- Episode no.: Season 6 Episode 9
- Directed by: Fred Savage
- Written by: Chuck Tatham
- Production code: 6ARG07
- Original air date: December 3, 2014

Guest appearances
- Kristen Johnston as Brenda; John Karna as Alec;

Episode chronology
| ← Previous "Three Turkeys" | Next → "Haley's 21st Birthday" |
- Modern Family season 6

= Strangers in the Night (Modern Family) =

"Strangers in the Night" is the ninth episode of the sixth season of the American sitcom Modern Family, and the series' 129th episode overall. It originally aired on December 3, 2014. The episode was written by Chuck Tatham and directed by Fred Savage.

==Plot==
Jay (Ed O'Neill) wants to attend a dog's birthday party (a Bark Mitzvah) with Stella (Brigitte) and he also takes Gloria (Sofía Vergara) with him, while Manny (Rico Rodriguez) stays home to baby-sit Joe (Pierce Wallace). Gloria, who gets along with dogs very poorly, tells Jay that she is unable to stay any longer at the party and leaves. Back at home, Manny convinces her that she has to go back, in order to show Jay that she cares about what he loves, and because Jay has agreed to accompany her to the Colombian picnic with her friends the following day. When Jay sees Gloria coming back, he gets mad at Manny and tells him that his plan was for Gloria to leave so he could use it as an excuse to skip the picnic. The following day, when Gloria and Jay get ready to leave, Jay thinks that Manny convinced Gloria to go back on purpose so he could stay home alone and finally watch a movie he wanted to see, however Manny had no intention of manipulating events as Jay now suspects he did.

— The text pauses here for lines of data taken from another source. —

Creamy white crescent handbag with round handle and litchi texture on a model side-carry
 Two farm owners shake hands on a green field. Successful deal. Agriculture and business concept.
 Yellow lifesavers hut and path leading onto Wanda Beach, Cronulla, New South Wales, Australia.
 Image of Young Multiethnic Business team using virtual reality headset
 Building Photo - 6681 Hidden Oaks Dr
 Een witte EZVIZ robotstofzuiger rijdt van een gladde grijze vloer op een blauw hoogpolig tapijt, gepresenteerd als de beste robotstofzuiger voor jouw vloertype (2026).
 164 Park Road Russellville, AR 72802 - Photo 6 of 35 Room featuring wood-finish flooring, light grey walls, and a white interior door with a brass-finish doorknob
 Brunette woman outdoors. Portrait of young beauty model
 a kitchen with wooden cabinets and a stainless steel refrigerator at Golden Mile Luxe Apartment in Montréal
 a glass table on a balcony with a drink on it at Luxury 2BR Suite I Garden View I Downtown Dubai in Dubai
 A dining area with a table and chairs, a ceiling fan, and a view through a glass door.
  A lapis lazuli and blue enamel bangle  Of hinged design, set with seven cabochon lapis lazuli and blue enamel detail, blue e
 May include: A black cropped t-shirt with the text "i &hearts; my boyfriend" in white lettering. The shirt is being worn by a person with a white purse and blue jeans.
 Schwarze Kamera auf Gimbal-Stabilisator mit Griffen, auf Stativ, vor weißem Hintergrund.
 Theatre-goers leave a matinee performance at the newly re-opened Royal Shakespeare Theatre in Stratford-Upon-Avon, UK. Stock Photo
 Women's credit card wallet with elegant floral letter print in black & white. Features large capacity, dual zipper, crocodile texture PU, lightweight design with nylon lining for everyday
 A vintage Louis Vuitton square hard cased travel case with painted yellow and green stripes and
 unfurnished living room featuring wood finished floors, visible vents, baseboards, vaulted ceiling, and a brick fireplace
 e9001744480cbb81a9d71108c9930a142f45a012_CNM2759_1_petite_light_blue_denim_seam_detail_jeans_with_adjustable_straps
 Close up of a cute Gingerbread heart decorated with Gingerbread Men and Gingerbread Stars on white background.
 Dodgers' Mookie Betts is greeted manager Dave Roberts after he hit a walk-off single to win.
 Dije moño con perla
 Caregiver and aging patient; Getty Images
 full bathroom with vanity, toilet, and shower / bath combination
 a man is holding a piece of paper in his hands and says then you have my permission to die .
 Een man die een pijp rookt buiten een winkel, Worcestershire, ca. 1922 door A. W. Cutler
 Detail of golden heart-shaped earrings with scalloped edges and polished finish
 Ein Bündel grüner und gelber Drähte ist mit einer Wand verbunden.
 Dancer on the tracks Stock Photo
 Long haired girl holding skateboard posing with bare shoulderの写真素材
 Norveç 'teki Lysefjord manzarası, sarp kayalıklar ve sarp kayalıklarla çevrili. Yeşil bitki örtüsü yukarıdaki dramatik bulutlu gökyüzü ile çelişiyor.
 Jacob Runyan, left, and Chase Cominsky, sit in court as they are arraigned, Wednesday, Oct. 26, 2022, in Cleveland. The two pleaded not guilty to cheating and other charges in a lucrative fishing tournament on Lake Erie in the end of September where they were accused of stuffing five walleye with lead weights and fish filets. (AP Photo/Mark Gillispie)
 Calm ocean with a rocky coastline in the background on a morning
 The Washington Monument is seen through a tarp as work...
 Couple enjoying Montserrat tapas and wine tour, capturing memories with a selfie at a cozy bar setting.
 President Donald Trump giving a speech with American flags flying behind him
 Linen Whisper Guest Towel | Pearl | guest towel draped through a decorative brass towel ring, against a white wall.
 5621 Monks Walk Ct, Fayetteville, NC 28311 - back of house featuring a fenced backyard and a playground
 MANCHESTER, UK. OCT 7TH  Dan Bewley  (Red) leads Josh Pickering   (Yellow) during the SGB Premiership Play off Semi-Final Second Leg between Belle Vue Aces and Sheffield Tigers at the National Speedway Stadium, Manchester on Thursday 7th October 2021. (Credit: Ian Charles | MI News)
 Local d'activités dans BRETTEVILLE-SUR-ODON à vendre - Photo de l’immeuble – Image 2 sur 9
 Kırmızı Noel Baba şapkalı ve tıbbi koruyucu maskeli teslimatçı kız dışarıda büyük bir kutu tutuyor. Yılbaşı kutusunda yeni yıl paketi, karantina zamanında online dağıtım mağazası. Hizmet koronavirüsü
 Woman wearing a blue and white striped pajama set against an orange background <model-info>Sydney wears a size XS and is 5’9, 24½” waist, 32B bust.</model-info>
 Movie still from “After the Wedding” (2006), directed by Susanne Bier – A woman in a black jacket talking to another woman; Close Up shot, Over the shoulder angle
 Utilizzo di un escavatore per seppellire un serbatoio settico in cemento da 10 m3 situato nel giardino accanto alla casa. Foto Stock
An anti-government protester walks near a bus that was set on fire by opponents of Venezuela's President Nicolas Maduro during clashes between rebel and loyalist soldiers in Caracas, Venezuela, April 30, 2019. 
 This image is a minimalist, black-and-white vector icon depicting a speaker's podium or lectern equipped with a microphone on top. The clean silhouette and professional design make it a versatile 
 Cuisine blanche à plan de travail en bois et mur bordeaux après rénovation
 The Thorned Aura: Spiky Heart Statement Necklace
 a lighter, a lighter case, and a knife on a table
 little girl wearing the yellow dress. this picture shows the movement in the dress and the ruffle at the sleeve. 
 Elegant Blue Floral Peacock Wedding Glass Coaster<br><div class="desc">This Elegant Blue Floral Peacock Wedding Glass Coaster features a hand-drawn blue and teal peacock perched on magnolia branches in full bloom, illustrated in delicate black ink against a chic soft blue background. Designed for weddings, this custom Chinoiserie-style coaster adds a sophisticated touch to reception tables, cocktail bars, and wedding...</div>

Alex (Ariel Winter) tells everyone that she has a boyfriend, Alec (John Karna), and while Phil (Ty Burrell) is happy with the news, Claire (Julie Bowen) and Haley (Sarah Hyland) are convinced that Alex is lying and the boyfriend is imaginary. To prove them wrong, Phil says he will ask Alex to invite her boyfriend to the house. When Alex says she is unable do so because Alec broke up with her and shortly afterwards says she found a new boyfriend, Phil starts to believe that Claire and Haley might be right. Eventually the new boyfriend (Carlito Olivero) arrives to pick Alex up for a date and they know that she was telling the truth.

Brenda (Kristen Johnston), a co-worker of Mitch's (Jesse Tyler Ferguson) gets a divorce and wants someone to talk to. Mitch tries to avoid her, especially when she asks him to stay at his and Cameron's (Eric Stonestreet) place for the night, but Cameron convinces him to be kind now that Brenda needs him, and to let her stay with them overnight. Back at home, the three of them seem to get along well, until Brenda moves to sit on their new white couch while drinking wine and later on wants to sleep on it while wearing a green beauty mask on her face. Mitch and Cameron let her sleep on their bed while they sleep on the living room floor, but Brenda ends up sleeping on the couch anyway.

==Reception==

===Ratings===
In its original American broadcast, "Strangers in the Night" was watched by 9.02; down by 1.86 from the previous episode.

===Reviews===
"Strangers in the Night" received mixed reviews.

Joshua Alston from The A.V. Club gave the episode a B+ rating saying that the episode showed "how well the show can work when it’s plugging its characters into not only rhythmically familiar situations, but actual plots deployed on sitcoms past."

Lisa Fernandes of Next Projection rated the episode with 7.6/10 saying that Jay and Gloria's plot was amusing, the Dunphys' one all over the place while Kristin Johnston's guest appearance was completely wasted. ""Strangers in the Night" looks great on paper. That's the problem – it works well as a comedic premise but never seems to take off in the execution. While the performances are fairly strong, they're defeated by plots that abruptly dead-end in a confusing mess, minus moral and message but also without rhyme, reason or sense. It's an all right outing, but could still bit better with more polish."

Leigh Raines from TV Fanatic rated the episode with 3/5 stating that she did not "fall in love" with this episode and that "it was lacking".